To build community, change must be permitted. This means that all in the community must listen to each other, open to hearing new things that might be incorporated into the web of community activity and the traditions that shape them. This does not mean jettisoning everything previously held dear, but it does mean being open to the possibility of doing so (likely not all at once). Long time members of the community can teach newer members how things were or are done, but that counts no more than what newer members bring to the table. Importantly, those whose ideas are rejected out of hand have no reason to participate in the community. Ignoring this–thinking that all learning here is in one direction–will simply give rise to factions, splintering what was a community, killing it while perhaps giving birth to new, smaller, communities as those factions continue to grow.

So, both tradition and innovation are essential to community. What this means, in part, is that while change is necessary, the pace of change may be too much for some people within a community, at least those committed to one or more of its traditions. Still change can’t be stopped; a successful attempt to stop it, kills the community. The question for those in a community is thus whether their favored tradition(s) and it’s (or their) history are more important than the community itself. To side with a tradition is to side with those no longer present; to side with community is to side with those currently constituting the community—including those who wish to see change.

Of course, those siding with a tradition may take that tradition to have independent value and thus to be worth protecting.
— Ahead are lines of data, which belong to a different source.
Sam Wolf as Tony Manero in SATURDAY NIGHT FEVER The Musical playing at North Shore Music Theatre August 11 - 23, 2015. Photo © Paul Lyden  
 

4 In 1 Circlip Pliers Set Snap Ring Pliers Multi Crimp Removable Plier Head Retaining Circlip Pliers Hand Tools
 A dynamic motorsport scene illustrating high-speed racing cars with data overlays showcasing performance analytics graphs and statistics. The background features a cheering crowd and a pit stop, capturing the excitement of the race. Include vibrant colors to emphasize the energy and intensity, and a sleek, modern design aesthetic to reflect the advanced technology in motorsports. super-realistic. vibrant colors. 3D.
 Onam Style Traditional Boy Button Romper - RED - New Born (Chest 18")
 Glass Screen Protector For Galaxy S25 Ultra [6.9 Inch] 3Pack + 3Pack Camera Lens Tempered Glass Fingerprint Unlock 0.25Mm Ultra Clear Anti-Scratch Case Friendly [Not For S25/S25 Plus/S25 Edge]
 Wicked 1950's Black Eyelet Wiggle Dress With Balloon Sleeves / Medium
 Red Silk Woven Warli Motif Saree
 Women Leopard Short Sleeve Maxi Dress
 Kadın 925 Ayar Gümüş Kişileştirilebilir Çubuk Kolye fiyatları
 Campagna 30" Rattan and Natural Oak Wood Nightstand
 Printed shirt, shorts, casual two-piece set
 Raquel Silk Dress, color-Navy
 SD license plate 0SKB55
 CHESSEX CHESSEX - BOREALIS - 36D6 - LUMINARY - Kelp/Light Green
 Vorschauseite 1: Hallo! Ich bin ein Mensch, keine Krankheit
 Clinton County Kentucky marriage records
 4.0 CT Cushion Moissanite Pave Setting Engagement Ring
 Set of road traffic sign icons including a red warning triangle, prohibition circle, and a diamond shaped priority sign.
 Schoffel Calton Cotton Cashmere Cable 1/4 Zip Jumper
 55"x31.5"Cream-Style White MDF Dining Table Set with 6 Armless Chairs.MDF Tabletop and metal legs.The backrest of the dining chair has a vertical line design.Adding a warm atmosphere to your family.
They may take this to be a principled defense of preventing change in the community. It is not. The community from which a defended tradition stems, like all communities, must be able to change. (Again, stagnation means death.) Indeed, all surviving communities have what can reasonably be called traditions of change–ways that change takes place. So when defenders of one tradition seek to prevent change, they are pitting one part of the community and its traditions against another and claiming that one of the traditions should be defended at the cost of another—their favored tradition at the cost of the community’s tradition of change. That, though, is just a preference. One cannot just assume that one favored tradition is more valuable than another. After all, those seeking change may rightly claim to be defending a tradition of change within the community.

Putting the last point differently, those seeking change are defending the community as the community currently is and is growing with its current members and their preferences. Those seeking to prevent change, by contrast, are defending only part of the community—some specific tradition(s) they happen to prefer—and, by seeking stagnation, killing the community.

Lest I be thought too critical of defenders of particular traditions, I should note that I do not think there is a good principled reason for either protecting particular traditions or for changing or jettisoning them. In either case, on my view, further considerations are necessary. What we need to determine, on my view, is when interference is justifiably permitted–what principles of interference we ought to accept rather than simply what traditions we happen to prefer. (I discuss some such considerations here and in my 2014.)